PROMPT: Across the entries below, how many lines include "warehouses"? Give the number and nothing else.

SOURCE MATERIAL:
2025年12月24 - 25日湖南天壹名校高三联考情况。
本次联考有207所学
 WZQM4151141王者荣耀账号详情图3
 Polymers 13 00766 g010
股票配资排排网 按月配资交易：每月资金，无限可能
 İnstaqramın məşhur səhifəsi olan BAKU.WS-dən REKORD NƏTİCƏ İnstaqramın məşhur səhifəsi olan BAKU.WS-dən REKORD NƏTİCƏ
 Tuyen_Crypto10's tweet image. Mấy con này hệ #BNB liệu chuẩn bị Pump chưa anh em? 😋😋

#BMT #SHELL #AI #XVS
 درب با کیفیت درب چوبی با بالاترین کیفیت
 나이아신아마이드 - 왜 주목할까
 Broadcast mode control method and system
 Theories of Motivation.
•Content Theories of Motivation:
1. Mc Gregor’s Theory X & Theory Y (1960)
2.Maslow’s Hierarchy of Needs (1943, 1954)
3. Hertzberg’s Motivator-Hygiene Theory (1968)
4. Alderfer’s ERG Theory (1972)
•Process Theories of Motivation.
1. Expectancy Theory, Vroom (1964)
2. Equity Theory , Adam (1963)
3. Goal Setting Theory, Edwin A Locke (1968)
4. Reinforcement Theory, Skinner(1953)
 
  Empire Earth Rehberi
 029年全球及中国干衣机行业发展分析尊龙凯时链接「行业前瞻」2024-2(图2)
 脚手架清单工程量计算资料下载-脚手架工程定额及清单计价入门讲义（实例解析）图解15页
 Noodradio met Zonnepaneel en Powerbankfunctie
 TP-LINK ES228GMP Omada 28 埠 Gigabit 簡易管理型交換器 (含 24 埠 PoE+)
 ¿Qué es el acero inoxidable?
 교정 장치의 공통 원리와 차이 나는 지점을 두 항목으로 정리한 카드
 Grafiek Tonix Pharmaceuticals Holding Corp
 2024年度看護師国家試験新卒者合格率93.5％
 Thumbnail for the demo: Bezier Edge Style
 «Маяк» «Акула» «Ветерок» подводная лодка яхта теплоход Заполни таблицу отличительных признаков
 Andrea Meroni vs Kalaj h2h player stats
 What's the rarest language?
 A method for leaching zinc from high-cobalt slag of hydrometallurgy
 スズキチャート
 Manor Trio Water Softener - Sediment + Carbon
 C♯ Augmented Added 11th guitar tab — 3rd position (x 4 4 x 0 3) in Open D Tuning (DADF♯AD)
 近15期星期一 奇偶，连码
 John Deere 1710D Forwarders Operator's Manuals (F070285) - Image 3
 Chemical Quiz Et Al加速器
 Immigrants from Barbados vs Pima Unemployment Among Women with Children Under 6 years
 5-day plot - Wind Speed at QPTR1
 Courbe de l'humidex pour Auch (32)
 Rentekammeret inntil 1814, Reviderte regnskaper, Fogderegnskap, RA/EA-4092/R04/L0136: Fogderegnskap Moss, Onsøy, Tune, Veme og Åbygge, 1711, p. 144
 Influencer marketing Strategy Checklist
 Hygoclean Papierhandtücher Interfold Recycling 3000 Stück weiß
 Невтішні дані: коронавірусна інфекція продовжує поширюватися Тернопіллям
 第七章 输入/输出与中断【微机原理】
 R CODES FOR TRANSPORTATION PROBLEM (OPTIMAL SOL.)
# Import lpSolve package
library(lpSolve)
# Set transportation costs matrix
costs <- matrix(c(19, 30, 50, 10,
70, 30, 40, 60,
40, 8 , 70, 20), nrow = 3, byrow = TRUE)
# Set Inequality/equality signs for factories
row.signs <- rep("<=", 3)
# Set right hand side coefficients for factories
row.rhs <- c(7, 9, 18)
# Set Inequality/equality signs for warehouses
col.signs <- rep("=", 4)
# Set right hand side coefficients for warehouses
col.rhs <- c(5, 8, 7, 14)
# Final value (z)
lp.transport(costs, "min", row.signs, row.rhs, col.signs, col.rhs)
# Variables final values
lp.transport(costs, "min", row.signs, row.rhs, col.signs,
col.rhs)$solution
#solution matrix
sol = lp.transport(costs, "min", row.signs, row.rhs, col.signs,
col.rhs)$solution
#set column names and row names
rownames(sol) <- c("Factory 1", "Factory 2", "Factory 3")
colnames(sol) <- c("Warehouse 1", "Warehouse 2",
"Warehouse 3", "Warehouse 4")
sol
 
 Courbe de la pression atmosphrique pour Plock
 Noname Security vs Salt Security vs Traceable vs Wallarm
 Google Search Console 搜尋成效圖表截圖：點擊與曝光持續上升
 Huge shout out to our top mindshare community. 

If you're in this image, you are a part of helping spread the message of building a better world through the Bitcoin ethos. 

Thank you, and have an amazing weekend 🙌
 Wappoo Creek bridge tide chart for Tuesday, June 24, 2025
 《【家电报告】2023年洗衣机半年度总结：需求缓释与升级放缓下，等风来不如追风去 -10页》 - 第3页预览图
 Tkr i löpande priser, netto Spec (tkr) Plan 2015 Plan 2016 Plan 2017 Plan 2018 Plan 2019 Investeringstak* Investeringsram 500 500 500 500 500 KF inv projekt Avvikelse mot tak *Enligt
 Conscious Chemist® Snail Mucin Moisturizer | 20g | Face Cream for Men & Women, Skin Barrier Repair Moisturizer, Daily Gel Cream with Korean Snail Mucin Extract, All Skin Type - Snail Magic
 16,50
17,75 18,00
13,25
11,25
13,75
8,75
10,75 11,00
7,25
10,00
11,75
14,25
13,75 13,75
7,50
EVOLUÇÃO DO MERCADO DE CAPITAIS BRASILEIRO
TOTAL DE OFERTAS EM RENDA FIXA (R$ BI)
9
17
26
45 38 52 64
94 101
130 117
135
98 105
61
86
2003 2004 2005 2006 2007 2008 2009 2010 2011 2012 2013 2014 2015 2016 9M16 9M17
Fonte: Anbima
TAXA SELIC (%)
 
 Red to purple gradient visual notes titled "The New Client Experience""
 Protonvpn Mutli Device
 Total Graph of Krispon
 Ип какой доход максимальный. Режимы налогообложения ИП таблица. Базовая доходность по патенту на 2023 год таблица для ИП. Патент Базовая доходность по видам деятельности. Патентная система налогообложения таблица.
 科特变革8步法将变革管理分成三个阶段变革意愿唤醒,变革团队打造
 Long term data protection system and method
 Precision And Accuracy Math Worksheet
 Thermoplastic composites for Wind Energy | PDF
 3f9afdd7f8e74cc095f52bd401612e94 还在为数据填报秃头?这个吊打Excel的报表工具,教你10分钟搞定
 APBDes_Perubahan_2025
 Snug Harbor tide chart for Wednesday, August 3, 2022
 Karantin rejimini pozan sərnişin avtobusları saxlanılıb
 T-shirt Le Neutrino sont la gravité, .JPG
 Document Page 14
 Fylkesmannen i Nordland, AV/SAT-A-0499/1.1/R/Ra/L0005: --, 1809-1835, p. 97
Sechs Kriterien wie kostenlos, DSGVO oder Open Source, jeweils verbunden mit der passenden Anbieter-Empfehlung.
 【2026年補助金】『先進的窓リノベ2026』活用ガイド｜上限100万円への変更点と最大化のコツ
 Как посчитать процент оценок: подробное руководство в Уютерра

WRITTEN SOLUTION: 2